Quando a Lei de Transparência Salarial e de Critérios Remuneratórios (Lei 14.611/23) foi publicada, houve grande expectativa sobre os efeitos positivos que ela geraria para tornar a sociedade mais equitativa em relação a gênero. Esperava-se que a nova norma ajudasse a reduzir a conhecida discrepância de remuneração entre homens e mulheres no Brasil.

Grandes empresas que vinham levantando essa bandeira receberam a nova lei com entusiasmo: empresas com boas práticas seriam reconhecidas e empresas com más práticas ficariam expostas e precisariam se ajustar. A nova lei forçaria o walk the talk, ou seja, agir de acordo com o próprio discurso.

Pelos calendários da Lei de Transparência Salarial e de Critérios Remuneratórios e do Decreto 11.795/23, que a regulamentou, após enviar informações complementares no Portal Emprega Brasil (o que deveria ter sido feito até 30 de agosto), as empresas terão até 30 de setembro para publicar o 2º Relatório de Transparência Salarial elaborado pelo Ministério do Trabalho e Emprego (MTE).

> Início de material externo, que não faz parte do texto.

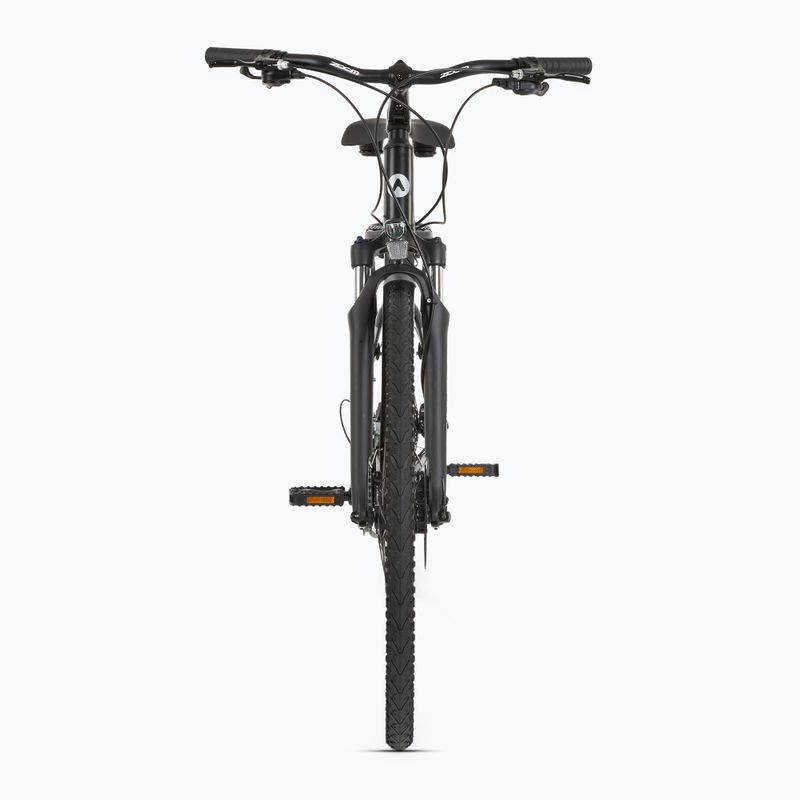 Rower trekkingowy męski ATTABO SPATE 2.0 28" czarny 7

Com a proximidade dessa data, cabe refletir: o Relatório de Transparência Salarial está cumprindo sua finalidade? A regulamentação do MTE não estaria impedindo que o relatório alcance plenamente seu objetivo?

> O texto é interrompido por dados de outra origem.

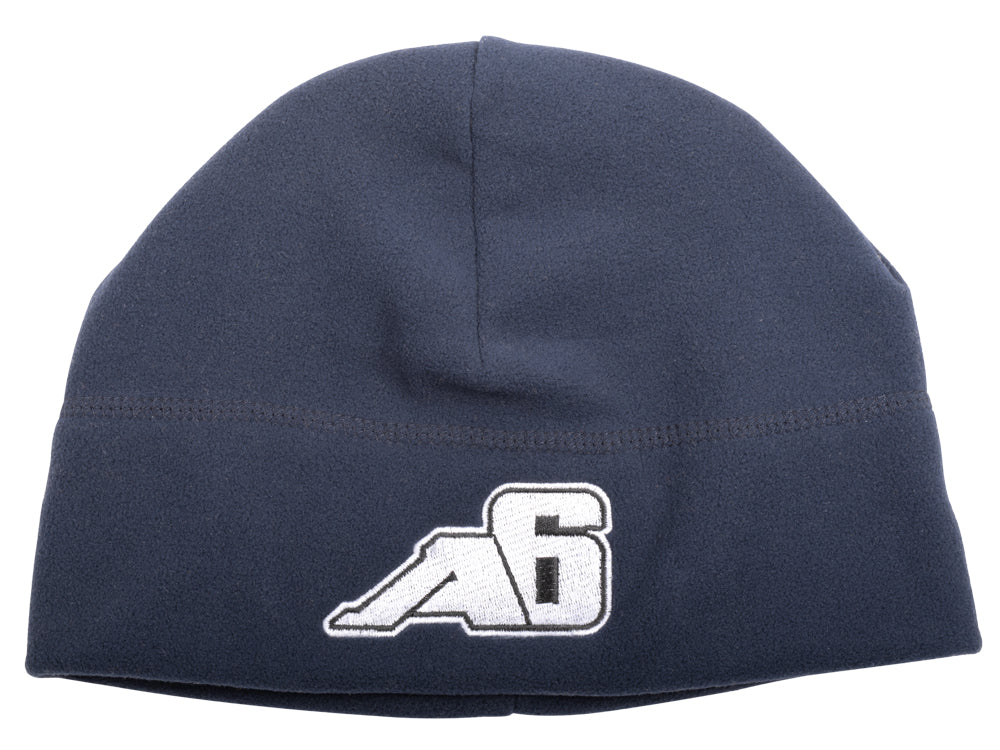 Microfleece Beanie | Agency 6™ Cold Weather Gear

Ao ser criada, a Lei de Transparência Salarial pressupunha que a elaboração e publicação de relatórios de transparência salarial pelas empresas permitiria comparar salários, remuneração e proporção de cargos de gestão ocupados por mulheres e homens. Os relatórios viriam acompanhados de informações que poderiam fornecer dados estatísticos sobre outras possíveis desigualdades relacionadas à raça, etnia, nacionalidade e idade.

O Relatório de Transparência Salarial deveria ser um marco importante. Com ele, as empresas poderiam demonstrar que buscam efetivamente reduzir e eliminar a discriminação de gênero e disparidades salariais entre homens e mulheres. O propósito da Lei de Transparência Salarial, porém, foi significativamente impactado pela forma como o MTE implementou as disposições da norma.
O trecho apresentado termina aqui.